A week-long presentation of Asian cinema
A Production of Pacific Arts Movement, presenters of the San Diego Asian Film Festival
Schedule of Events:
5:30 pm - 108 mins - Village Rockstars 2
Kim Jiseok Award, 2024 Busan International Film Festival
Official Selection, 2025 Berlin International Film Festival
Seven years after we first met her, Dhunu is no longer a kid and she knows it. “I want to be small again,” she tells a friend. While she can roam the fields and climb familiar trees, she knows that growing up is around the corner, an adulthood she sees in her mother, herself older, and the other women of the village who tend the crops. There is no promise that what worked for a previous generation will work for hers. Corporations are creeping in from beyond the horizon. And her teacher reminds the class that increasing floods are the village’s top concern.
Yet, some things remain. Dhunu still harbors music dreams. The breeze still makes her smile. As external and internal worlds shift, director Rima Das lingers on these golden hour moments, and the window they open to the enduring lives of Assamese women: the tenderness between mother and daughter, the camaraderie between women in the fields, the friendships of girls approaching womanhood. There are rituals and ceremonies, goats and river leeches. All while Dhunu quietly imagines a life ahead. She once carved guitars out of styrofoam. Now, she will carve a future of her own. Like Das’ brilliant snapshot of her beloved Assam village, it will surely be luminous.
7:45 pm - 116 mins - Blue Sun Palace
Didi and Cheung share the kind of puppy love best experienced in the diaspora: a Taiwanese construction worker and a Mainland masseuse, stealing free hours to sing Faye Wong songs in karaoke. Meanwhile, Didi and her co-worker Amy share a different kind of love: a friendship bound by dreams of moving out of the shadow economy and starting their own restaurant together. A tragedy derails all plans though, and the unique numbness of being in between homes, families, friendships, and life stages envelopes those who remain.

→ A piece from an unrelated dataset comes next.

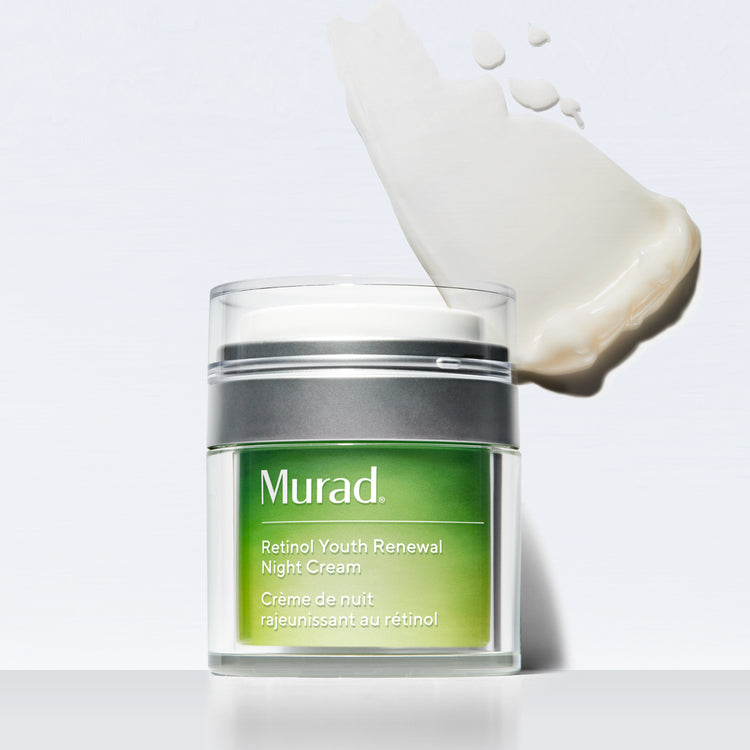 Murad Retinol Youth Renewal Night Cream 50ml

As performed by Taiwan cinema veterans Wu Ke-xi (of Midi Z’s films) and Lee Kang-sheng (of Tsai Ming-liang’s), that numbness is never devoid of feeling. Their characters are yearning, romantic, and quietly proud, seeking nocturnal pleasures and never passing up the communal joys of a Chinese meal together. Director Constance Tsang finds these moments in stairways and backrooms, the makeshift palaces of Flushing immigrants with much self to discover despite much to lose.